Task brief:
Restate every line of the data word for word, except for the images.

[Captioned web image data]
BEGIN

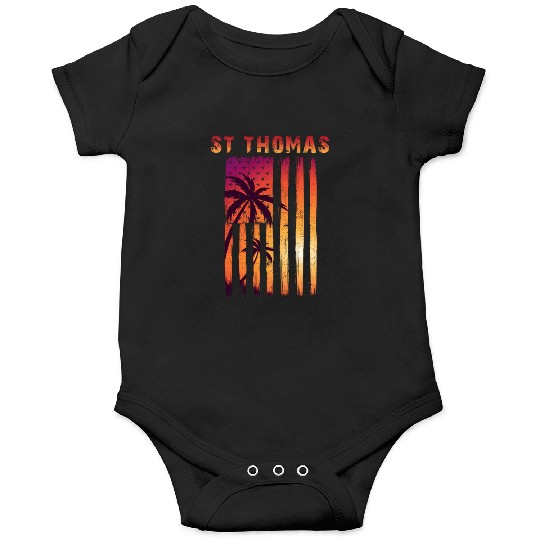 St Thomas Us Virgin Islands Patriotic Flag Onesies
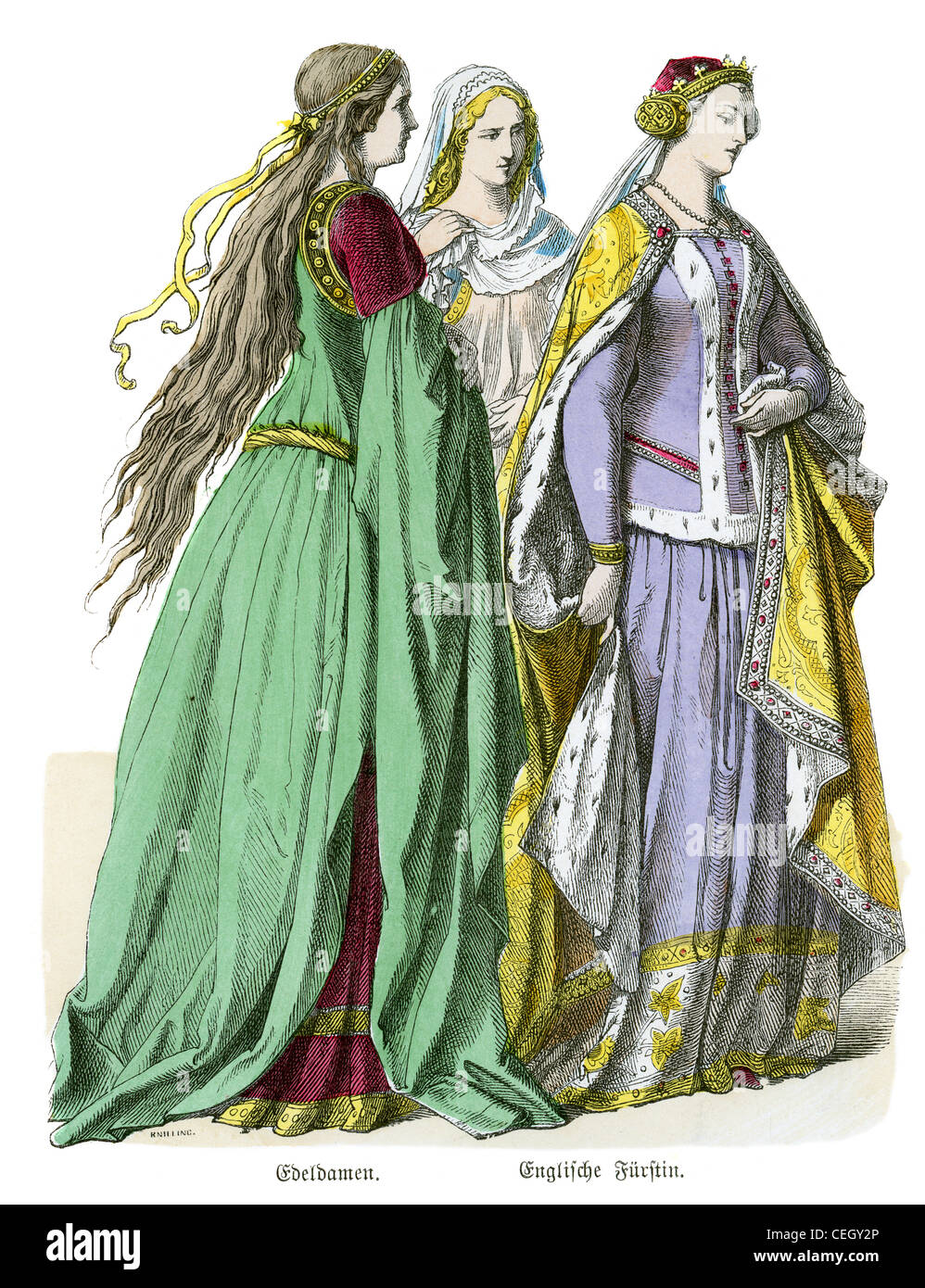 Eine englische Prinzessin und Edelfrauen aus dem 14. Jahrhundert Stockfoto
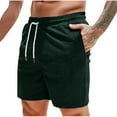 thumbnail image 1 of XuJwPNcy Corduroy Shorts for Men Summer Big and Talls Drawstring Workout Shorts Casual Sports Shorts with Pockets, 1 of 7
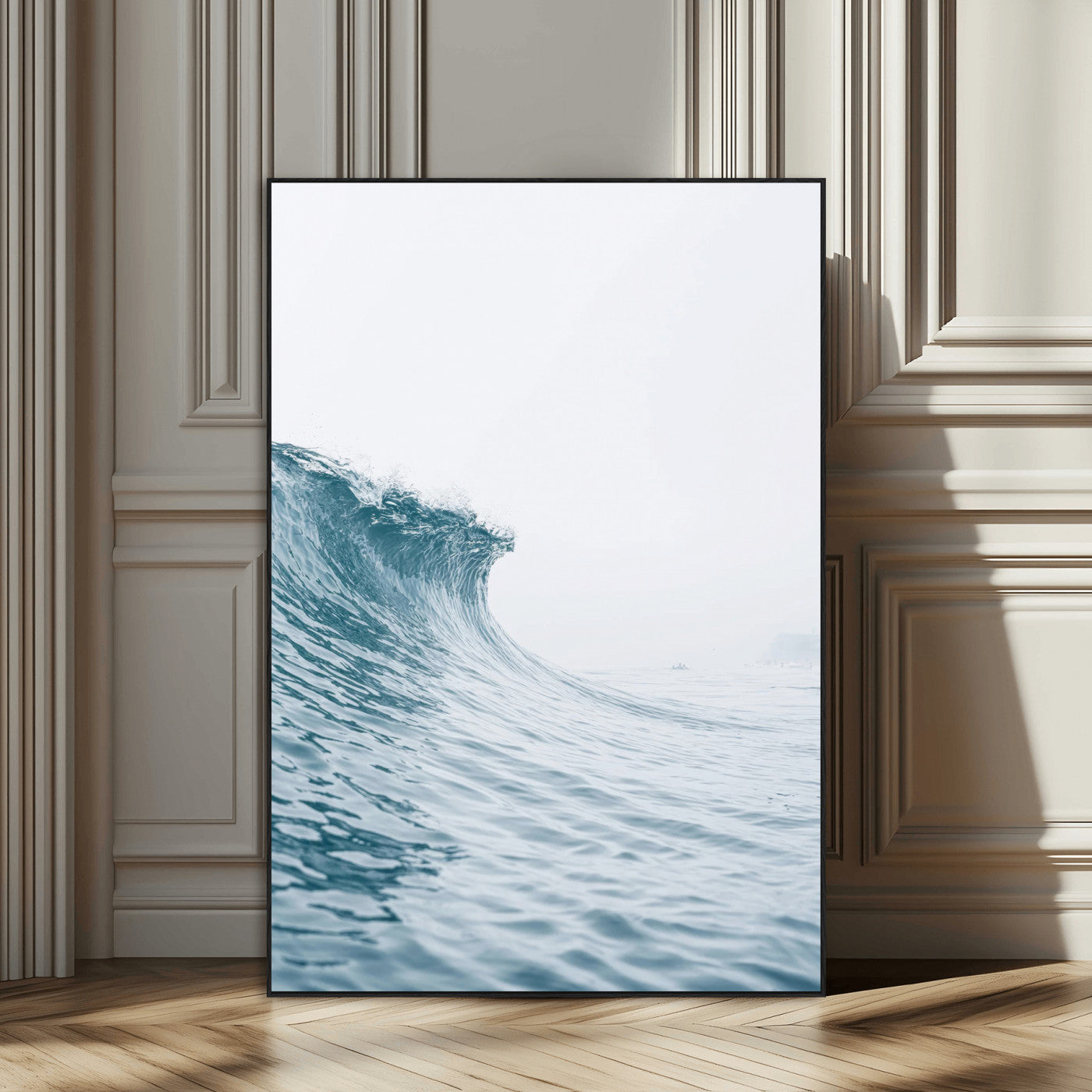 38699249-SEG-FC-51X34_Oversize_Oversize-Ocean Wave Wall Art – Minimalist Sea Canvas Print, Rising Surf and Misty Horizon Photography Decor for Bedroom, Living Room,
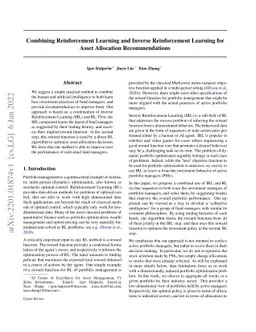Combining Reinforcement Learning and Inverse Reinforcement Learning for
  Asset Allocation Recommendations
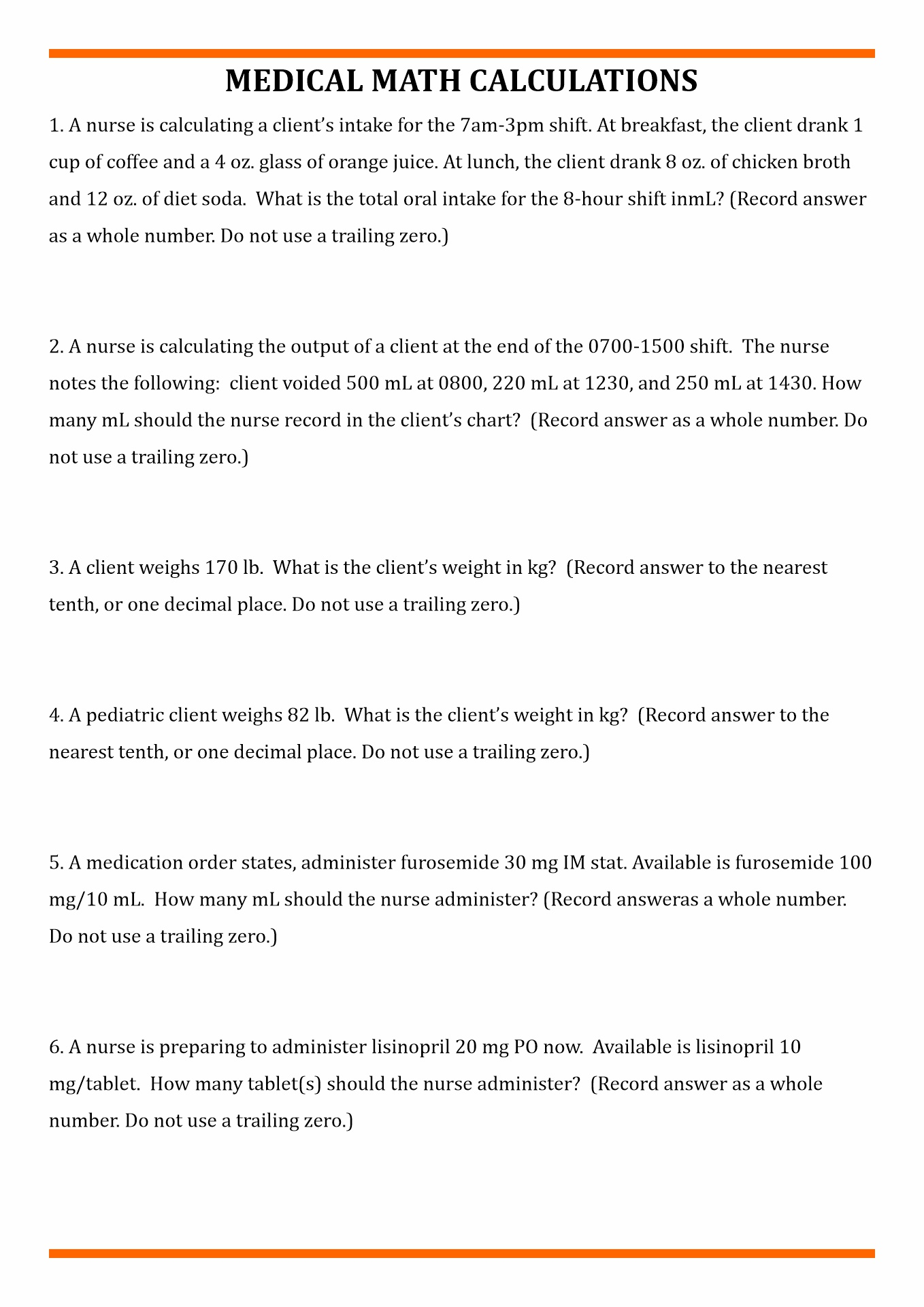 nursing math practice worksheets with answers
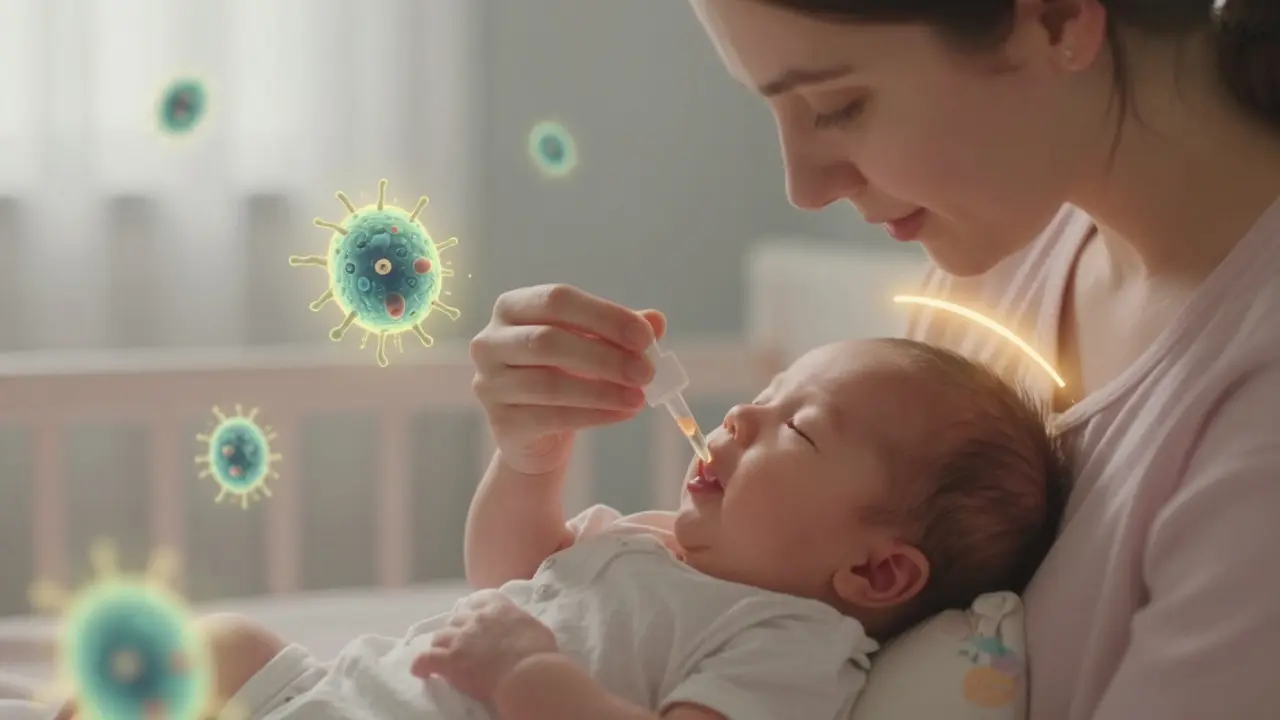 Matka podává novorozenci kapky s laktobacily 6, bakterie jsou znázorněny jako jemné světelné útvary.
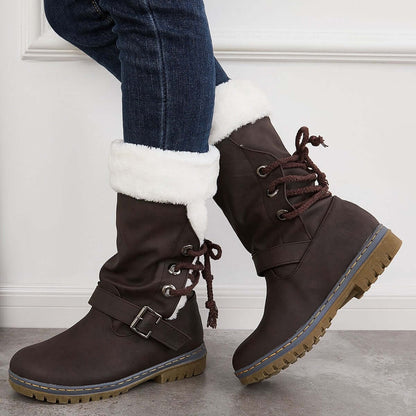 Mid Calf Winter Pull on Booties Mid Knee High Snow Boots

END

Output for this task:
 St Thomas Us Virgin Islands Patriotic Flag Onesies
 Eine englische Prinzessin und Edelfrauen aus dem 14. Jahrhundert Stockfoto
 thumbnail image 1 of XuJwPNcy Corduroy Shorts for Men Summer Big and Talls Drawstring Workout Shorts Casual Sports Shorts with Pockets, 1 of 7
 38699249-SEG-FC-51X34_Oversize_Oversize-Ocean Wave Wall Art – Minimalist Sea Canvas Print, Rising Surf and Misty Horizon Photography Decor for Bedroom, Living Room,
Combining Reinforcement Learning and Inverse Reinforcement Learning for
  Asset Allocation Recommendations
 nursing math practice worksheets with answers
 Matka podává novorozenci kapky s laktobacily 6, bakterie jsou znázorněny jako jemné světelné útvary.
 Mid Calf Winter Pull on Booties Mid Knee High Snow Boots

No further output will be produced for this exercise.